Now I’ve always been something of a party girl so surviving on 4 hours sleep, whilst never fun is not something new and the brain numbing monotony of baby-caring has been tempered by the busiest news time I’ve ever experienced. (Seriously you want to discuss Brexit/coups/labour party disintegration I’m your girl!) Yet my appalled reaction to the heatwave forecast on Sunday night’s weather made me realize just what a big change having a baby has had on my life…
- The WORRY
‘The baby monitors flashing 29’, that’s dangerous right?’, ‘there must be a 24hour store that sells fans somewhere near here’ ‘is she drinking enough’ and ‘oh my god her knees are RED’.
Just to add to the ridiculous amount of worry having a baby saddles you with the unexpected heat just adds a whole new layer that I’m just not equipped to deal with. How is there room so hot at night? How do you keep them cool? Just to add to the worry Matilda has obviously inherited her father’s pale celtic skin because she even managed to look slightly pink, wearing factor 50, after 0.02 seconds in the sun. BAH.
- The CLOTHES
I had a ruthless summer clothes cull just before my honeymoon and bought a gorgeous new summery wardrobe in a wedding dieted size 8. ‘I’ll wear them next summer’ I merrily told myself. Only ‘next’ summer is now last summer and I was 20+ week pregnant and the size of a bus. Which brings me to this summer. I’m in total denial that I’m no longer my wedding dieted size 8, nor even my slightly more normal size 10. Nothing fits. Yet I refuse to buy new clothes as I’m still in hope that I’ll miraculously lose 2 stone – I mean I’m breastfeeding still and EVERYONE promised me the weight would fall off. So for now I’m squeezing myself into once floaty maxi-dresses and wearing my shorts with maternity tee shirts so noone can see I can no longer do the zip up. It’s so shameful I feel like I have a bell tolling nun-wench behind me shouting ‘shame’ as I walk down the street…
I should just bite the bullet and purchase some summer clothes in a bigger size. Only, by the time my Asos delivery arrives the heatwave will have passed and the leggings will be back on, plus by this time next year I’ll be back to a size 8, of course.
- The DAYS OFF
As a working girl I had been known to put in a last minute sunny day holiday request or 2 and was no stranger to a last minute weekend camping trip to the sunny seaside. Turns out you can’t just hand in a holiday request to the baby in order to go sunbathing and I shudder at the amount of organizing a ‘spontaneous’ camping trip with baby in tow would ensue.
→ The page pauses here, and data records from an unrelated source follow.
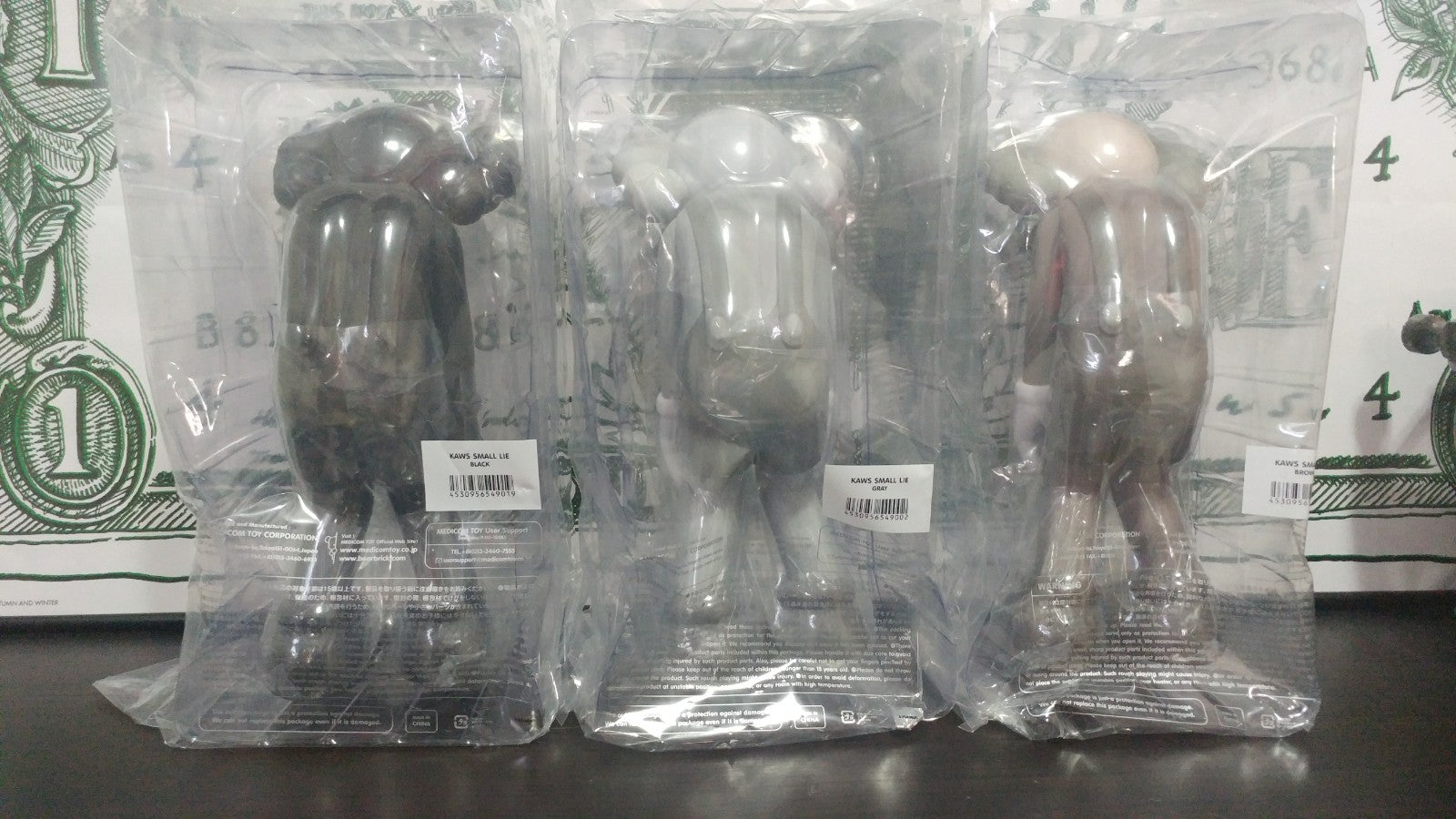 Kaws Small Lie Vinyl Figures - Set of 3 - Black, Grey and Brown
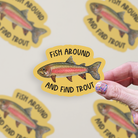 Die cut vinyl sticker with a watercolor rainbow trout illustration on a mustard-colored background with the words "Fish around and find trout"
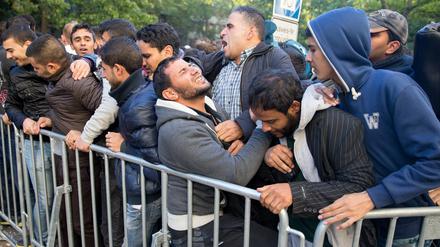 Flüchtlinge in Berlin auf dem Gelände des Landesamtes für Gesundheit und Soziales (LaGeSo) an einem Absperrgitter. Experten sehen in der Ansammlung vieler Menschen auf engem Raum eine Ursache für Aggressionen.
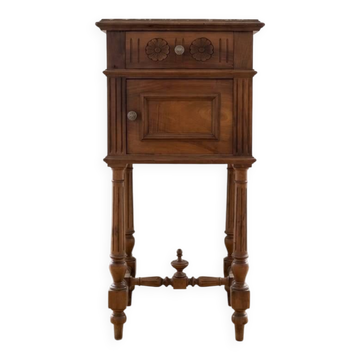 Antique wooden bedside table with a marble top.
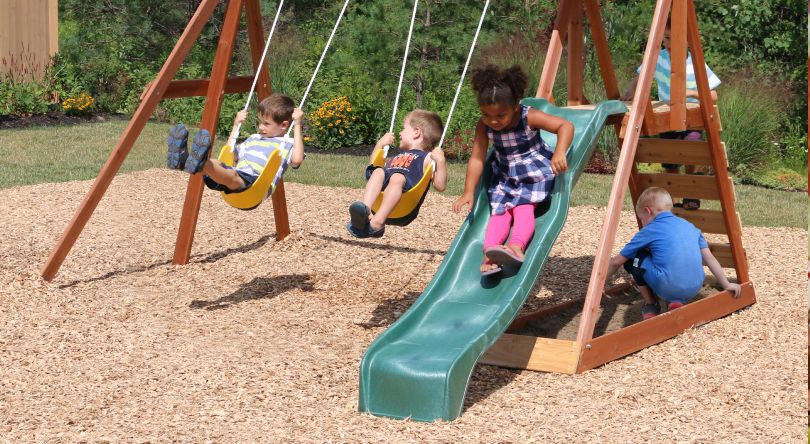 Children playing on a swingset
Sunny trips to the common are now in the shade at all times and with about 3 bags worth of baby kit carted along and something essential forgotten.
Having said all that, trips to the common with baby in tow are great fun, just in a different way. Matilda is fascinated by grass and old leaves. Seriously, they keep her amused for ooooh all of about 20 mins. Winner! Even better, we have embraced al fresco dining. After all, there’s no scrubbing encrusted puree off the high chair or need to wipe yogurt off floor/cupboards/windows and she LOVES the dogs that inevitably come sniffing out the picnic debris.
So, even though I spent over an hour walking round an air conditioned Asda in a bid to get Matilda to nap in yesterdays heat, who doesn’t LOVE the sunshine. Britain on a sunny day is ruddy marvellous!